シルヴァンは痛くなる頭を押さえ、行者を黙らせた。
「しかし坊ちゃま……」
行者が“坊ちゃま”と告げた瞬間、睨み付けるシルヴァン。失言に気付いた行者は黙る。
「うちの者が失礼した。怪我はないか?」
シルヴァンは手を差し出し、レインはその手を取る。立ち上がったレインがよろけたがシルヴァンはそれをしっかり支えた。
「怪我はありませんし、大丈夫ですよ」
レインはにっこり笑って答えた。シルヴァンは内心ホッとし行者に帰るよう指示したのち、レインを学食へとエスコートするのだった。
「えっと……これは?」
「好きなものを頼むと良い」
学食にエスコートされたレインは、対面に座るシルヴァンに戸惑ってみせた。
「どうした?」
「あの、理由がわかりません」
「お詫びだ。気にするな」
「あ、はい……」
突然のことに戸惑いメニューを決められないレイン。シルヴァンは様子を見ていたが、元々短気な性分ゆえに次第にイラつき始めた。
「焦れったいな。悪いが甘いものを全部持ってきてくれ」
メニューとにらめっこし、選ばないレインに痺れを切らしたシルヴァンはそう給仕に伝える。その言葉にレインはギョッとし慌てるが、シルヴァンはシレッとしている。
「食べきれなければ残せばいい」
レインはシルヴァンの言葉に悪い笑みを浮かべた。(この展開を待ってたのよね)と。
「残す、だなんて。ダメですよ! この国には食べ物すらロクに食べられない方もいるんですから。あ、おすすめは何ですか?」
「今日はアフォガードでございます」
「ではそれで! えっと……」
「シルヴァン。シルヴァン・ル・アッシュレイだ」
「シルヴァン様はどうされますか?」
「コーヒーで」
「かしこまりました」
シルヴァンはレインに叱咤され、驚くと同時に自分に物怖じしない令嬢として興味を示した。給仕が頼んだ品を運ぶ間、レインが話すことを静かに聞いている。

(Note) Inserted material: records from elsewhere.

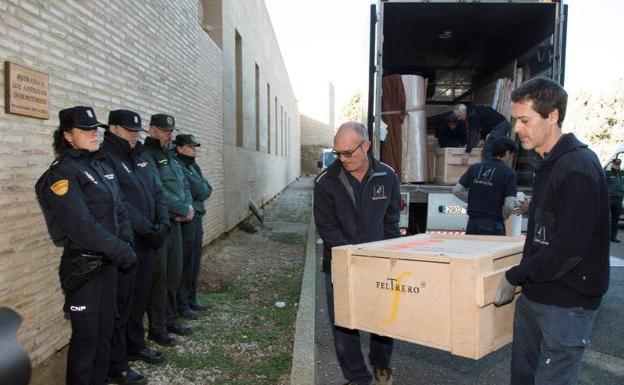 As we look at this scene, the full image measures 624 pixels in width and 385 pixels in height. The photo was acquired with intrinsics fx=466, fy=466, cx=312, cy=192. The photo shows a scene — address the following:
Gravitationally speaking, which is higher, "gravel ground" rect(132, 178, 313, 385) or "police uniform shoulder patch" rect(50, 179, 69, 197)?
"police uniform shoulder patch" rect(50, 179, 69, 197)

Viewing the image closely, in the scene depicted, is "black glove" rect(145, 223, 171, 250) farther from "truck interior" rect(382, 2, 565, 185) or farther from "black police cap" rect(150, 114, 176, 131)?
"truck interior" rect(382, 2, 565, 185)

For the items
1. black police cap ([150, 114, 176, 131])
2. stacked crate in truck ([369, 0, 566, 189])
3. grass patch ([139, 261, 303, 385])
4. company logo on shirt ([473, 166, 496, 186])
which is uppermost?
stacked crate in truck ([369, 0, 566, 189])

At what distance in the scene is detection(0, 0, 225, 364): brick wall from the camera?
3.02 metres

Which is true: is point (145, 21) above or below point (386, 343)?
above

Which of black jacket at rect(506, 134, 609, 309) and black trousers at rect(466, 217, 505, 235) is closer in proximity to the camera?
black jacket at rect(506, 134, 609, 309)

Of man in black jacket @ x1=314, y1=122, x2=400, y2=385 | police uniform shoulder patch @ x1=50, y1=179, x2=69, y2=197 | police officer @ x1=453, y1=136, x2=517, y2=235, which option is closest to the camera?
police uniform shoulder patch @ x1=50, y1=179, x2=69, y2=197

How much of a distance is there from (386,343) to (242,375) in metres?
1.21

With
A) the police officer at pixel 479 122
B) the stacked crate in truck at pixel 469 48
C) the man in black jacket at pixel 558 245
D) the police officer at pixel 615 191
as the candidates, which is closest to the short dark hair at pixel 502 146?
the police officer at pixel 479 122

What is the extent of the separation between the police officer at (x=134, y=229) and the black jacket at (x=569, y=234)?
8.54 ft

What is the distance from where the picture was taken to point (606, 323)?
4.84m

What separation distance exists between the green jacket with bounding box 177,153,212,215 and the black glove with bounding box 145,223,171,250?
1165 mm

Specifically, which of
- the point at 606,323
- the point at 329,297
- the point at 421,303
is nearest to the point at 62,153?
the point at 329,297

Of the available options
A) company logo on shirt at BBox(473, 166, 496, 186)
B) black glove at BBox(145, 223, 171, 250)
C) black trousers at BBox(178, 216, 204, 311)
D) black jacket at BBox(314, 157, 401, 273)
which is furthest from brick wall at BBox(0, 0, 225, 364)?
company logo on shirt at BBox(473, 166, 496, 186)

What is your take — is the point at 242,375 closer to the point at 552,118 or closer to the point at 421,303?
the point at 421,303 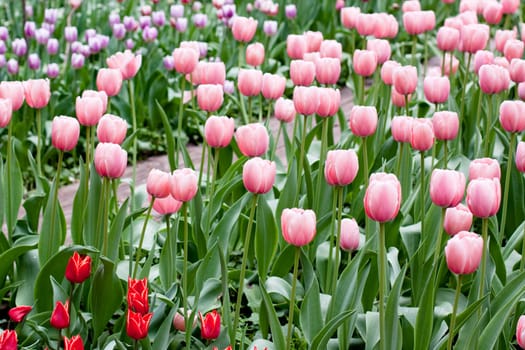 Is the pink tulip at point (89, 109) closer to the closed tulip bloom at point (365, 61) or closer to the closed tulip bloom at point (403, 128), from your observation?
the closed tulip bloom at point (403, 128)

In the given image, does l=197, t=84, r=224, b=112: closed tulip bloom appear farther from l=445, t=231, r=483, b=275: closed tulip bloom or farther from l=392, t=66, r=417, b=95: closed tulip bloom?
l=445, t=231, r=483, b=275: closed tulip bloom

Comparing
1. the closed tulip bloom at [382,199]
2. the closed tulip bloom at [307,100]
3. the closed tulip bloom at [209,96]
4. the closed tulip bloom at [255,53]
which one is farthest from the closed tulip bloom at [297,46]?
the closed tulip bloom at [382,199]

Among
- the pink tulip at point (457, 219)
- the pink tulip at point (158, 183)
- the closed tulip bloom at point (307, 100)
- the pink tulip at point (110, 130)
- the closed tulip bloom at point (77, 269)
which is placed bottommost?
the closed tulip bloom at point (77, 269)

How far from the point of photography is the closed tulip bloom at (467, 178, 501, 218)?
6.39 ft

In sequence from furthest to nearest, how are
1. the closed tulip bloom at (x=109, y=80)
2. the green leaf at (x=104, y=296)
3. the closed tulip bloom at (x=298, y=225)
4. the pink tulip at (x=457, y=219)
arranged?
the closed tulip bloom at (x=109, y=80)
the green leaf at (x=104, y=296)
the pink tulip at (x=457, y=219)
the closed tulip bloom at (x=298, y=225)

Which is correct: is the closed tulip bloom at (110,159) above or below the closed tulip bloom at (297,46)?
above

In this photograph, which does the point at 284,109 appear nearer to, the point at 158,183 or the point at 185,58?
the point at 185,58

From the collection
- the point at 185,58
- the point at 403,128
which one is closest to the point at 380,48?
the point at 185,58

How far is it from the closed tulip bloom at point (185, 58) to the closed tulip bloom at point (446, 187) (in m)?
1.33

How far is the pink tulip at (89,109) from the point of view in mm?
2502

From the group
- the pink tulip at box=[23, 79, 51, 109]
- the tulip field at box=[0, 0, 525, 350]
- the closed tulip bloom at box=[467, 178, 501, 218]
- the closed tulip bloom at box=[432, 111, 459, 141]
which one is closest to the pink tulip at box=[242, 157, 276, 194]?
the tulip field at box=[0, 0, 525, 350]

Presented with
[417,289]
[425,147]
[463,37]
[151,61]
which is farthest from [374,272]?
[151,61]

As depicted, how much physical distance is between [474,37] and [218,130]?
4.80 feet

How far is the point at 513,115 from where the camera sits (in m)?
2.53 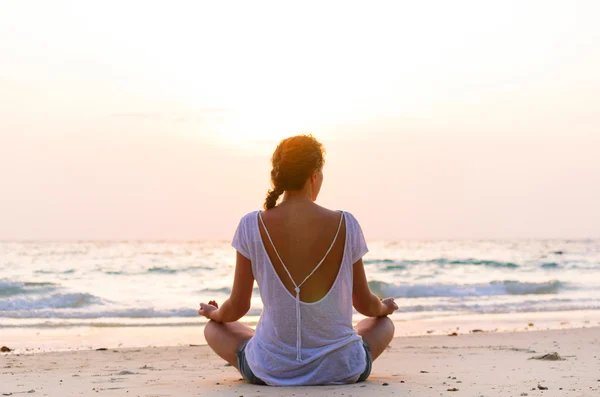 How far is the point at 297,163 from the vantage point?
3.78 m

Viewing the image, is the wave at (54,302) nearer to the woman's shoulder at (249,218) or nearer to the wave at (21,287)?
the wave at (21,287)

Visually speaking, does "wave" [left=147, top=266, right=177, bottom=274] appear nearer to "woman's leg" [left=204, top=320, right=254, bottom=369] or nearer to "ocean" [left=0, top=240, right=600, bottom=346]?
"ocean" [left=0, top=240, right=600, bottom=346]

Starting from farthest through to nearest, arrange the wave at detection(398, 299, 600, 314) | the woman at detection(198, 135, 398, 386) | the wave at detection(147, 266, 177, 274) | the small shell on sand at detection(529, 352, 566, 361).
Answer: the wave at detection(147, 266, 177, 274) < the wave at detection(398, 299, 600, 314) < the small shell on sand at detection(529, 352, 566, 361) < the woman at detection(198, 135, 398, 386)

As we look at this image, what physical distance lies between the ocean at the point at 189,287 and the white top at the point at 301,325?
21.7 feet

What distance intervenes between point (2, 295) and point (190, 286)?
17.6 ft

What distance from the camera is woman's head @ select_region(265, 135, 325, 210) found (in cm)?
378

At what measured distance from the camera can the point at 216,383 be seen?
457 cm

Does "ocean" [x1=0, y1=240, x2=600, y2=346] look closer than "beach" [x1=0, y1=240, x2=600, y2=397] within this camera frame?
No

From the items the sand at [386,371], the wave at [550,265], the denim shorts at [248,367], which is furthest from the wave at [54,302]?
the wave at [550,265]

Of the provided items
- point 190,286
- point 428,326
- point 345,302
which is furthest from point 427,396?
point 190,286

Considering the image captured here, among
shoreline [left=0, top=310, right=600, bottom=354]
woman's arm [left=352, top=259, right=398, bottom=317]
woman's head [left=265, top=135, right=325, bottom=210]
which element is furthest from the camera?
shoreline [left=0, top=310, right=600, bottom=354]

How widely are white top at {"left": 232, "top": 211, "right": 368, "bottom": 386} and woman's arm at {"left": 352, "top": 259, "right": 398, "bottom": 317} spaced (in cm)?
7

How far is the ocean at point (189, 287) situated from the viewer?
1254cm

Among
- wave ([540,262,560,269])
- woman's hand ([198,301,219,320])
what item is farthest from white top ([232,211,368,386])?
wave ([540,262,560,269]) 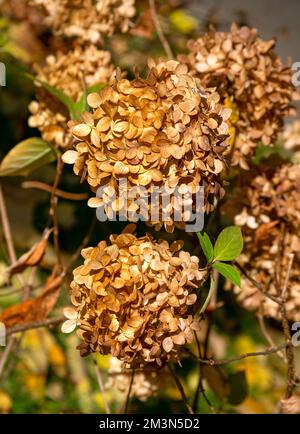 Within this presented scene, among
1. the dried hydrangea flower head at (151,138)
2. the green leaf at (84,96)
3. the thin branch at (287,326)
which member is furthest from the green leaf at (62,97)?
the thin branch at (287,326)

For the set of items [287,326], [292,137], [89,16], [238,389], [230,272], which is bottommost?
[238,389]

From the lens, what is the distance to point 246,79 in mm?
922

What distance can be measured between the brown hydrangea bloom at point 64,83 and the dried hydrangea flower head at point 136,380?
37cm

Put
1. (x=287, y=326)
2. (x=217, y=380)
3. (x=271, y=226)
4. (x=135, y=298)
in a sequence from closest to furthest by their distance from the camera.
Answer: (x=135, y=298) → (x=287, y=326) → (x=271, y=226) → (x=217, y=380)

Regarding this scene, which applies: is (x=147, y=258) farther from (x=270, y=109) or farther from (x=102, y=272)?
(x=270, y=109)

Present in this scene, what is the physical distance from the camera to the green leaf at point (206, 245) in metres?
0.79

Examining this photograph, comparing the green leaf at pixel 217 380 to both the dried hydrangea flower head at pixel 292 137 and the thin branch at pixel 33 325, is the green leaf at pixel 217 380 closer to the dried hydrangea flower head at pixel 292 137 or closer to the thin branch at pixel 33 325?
the thin branch at pixel 33 325

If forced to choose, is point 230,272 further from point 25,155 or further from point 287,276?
point 25,155

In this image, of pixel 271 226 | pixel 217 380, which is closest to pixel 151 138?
pixel 271 226

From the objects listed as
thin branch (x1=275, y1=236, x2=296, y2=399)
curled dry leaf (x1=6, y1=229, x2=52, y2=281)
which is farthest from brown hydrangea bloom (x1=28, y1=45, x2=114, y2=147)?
thin branch (x1=275, y1=236, x2=296, y2=399)

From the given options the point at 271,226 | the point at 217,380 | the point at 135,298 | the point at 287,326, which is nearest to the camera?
the point at 135,298

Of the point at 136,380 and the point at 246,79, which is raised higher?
the point at 246,79

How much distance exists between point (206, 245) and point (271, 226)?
26 cm

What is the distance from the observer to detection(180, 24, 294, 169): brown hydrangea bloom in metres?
0.92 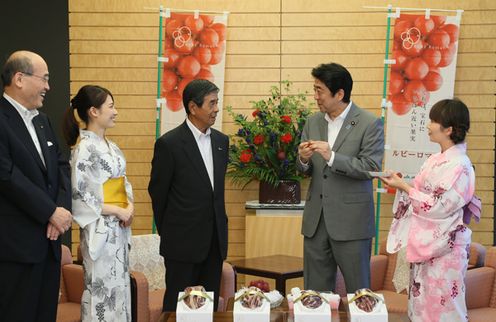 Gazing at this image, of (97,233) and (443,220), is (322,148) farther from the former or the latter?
(97,233)

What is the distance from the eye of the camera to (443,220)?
3674 millimetres

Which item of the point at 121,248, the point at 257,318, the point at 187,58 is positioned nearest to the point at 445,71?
the point at 187,58

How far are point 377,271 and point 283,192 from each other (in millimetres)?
1091

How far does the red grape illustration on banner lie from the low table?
1603mm

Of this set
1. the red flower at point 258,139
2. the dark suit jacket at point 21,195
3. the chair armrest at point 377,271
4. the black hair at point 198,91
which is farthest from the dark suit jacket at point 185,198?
the red flower at point 258,139

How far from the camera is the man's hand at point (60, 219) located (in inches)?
141

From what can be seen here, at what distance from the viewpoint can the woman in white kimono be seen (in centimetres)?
405

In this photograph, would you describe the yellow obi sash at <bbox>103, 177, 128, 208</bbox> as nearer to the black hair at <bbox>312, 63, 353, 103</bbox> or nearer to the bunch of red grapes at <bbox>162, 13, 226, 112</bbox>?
the black hair at <bbox>312, 63, 353, 103</bbox>

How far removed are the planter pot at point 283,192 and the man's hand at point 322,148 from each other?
1943mm

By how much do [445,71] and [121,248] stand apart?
320 centimetres

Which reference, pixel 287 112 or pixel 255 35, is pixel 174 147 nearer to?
pixel 287 112

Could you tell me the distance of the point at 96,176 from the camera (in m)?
4.09

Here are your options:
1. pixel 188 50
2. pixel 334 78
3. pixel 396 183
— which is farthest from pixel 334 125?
pixel 188 50

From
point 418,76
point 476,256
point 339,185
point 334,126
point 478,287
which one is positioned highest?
point 418,76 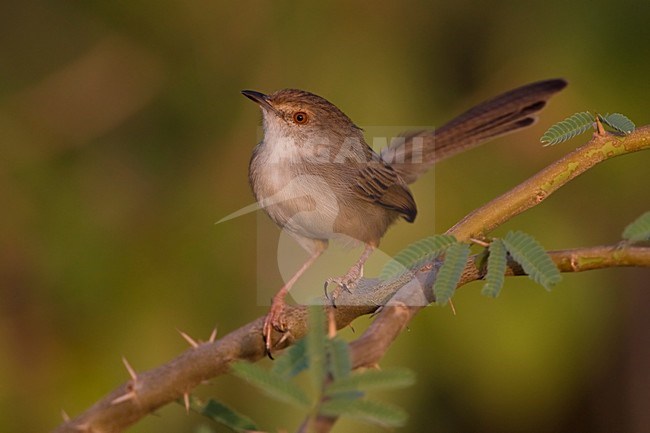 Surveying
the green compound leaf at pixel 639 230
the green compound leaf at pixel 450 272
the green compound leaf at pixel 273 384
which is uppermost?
the green compound leaf at pixel 639 230

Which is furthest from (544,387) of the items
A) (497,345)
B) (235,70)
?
(235,70)

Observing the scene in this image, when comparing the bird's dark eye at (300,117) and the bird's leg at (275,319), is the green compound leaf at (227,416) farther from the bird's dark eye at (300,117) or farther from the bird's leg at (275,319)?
the bird's dark eye at (300,117)

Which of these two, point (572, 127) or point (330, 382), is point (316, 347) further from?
point (572, 127)

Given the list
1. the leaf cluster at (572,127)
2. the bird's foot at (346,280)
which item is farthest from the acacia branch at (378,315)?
the bird's foot at (346,280)

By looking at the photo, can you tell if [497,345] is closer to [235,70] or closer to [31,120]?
[235,70]

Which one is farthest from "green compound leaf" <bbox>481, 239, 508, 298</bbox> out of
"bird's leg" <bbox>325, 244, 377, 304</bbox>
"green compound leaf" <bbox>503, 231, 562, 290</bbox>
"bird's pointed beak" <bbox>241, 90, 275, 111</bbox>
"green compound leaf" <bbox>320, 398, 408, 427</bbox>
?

給仕がアフォガードとコーヒーを運び終え下がる。レインはアフォガードを口に運び、顔を綻ばせた。
「おいし~い」
くるくる変わるレインの表情にシルヴァンも口元が緩む。二人は学食で他愛ない話をしながら交流を深めるのだった。
それから程無くしてレインとシルヴァンの仲は急速に縮まっていった。学園内でも学園外でも仲睦まじく寄り添う二人が見掛けられるようになる。
その度にシルヴァンの婚約者―――カテリーナ・フォン・シルクレイド公爵令嬢が小言を言うようになった。シルヴァンは面倒臭そうにそれをあしらい、レインはカテリーナを見る度に怯え、シルヴァンの背に隠れた。
シルヴァンが冷たくあしらう度にカテリーナは一瞬泣きそうな顔を見せるが、すぐに持ち直し恭しく礼をして去っていく。
(ふふ……良い気味だわ。そうやってカテリーナは破滅していくのよ)
シルヴァンの背に隠れていることを良いことに、レインはほくそ笑んだ。
お茶会で主催者に追い出されたレインは、シルヴァンを見掛けると目に涙を溜めて抱き付いた。
「シルヴァン、カテリーナ様がヒドイんです……」
先程のお茶会での真実を湾曲させ、いかに自分が酷く追い出されたかを涙ながらに語った。途中途中でシルヴァンの表情をチラ見して、カテリーナに憤慨する様に高揚感を感じていた。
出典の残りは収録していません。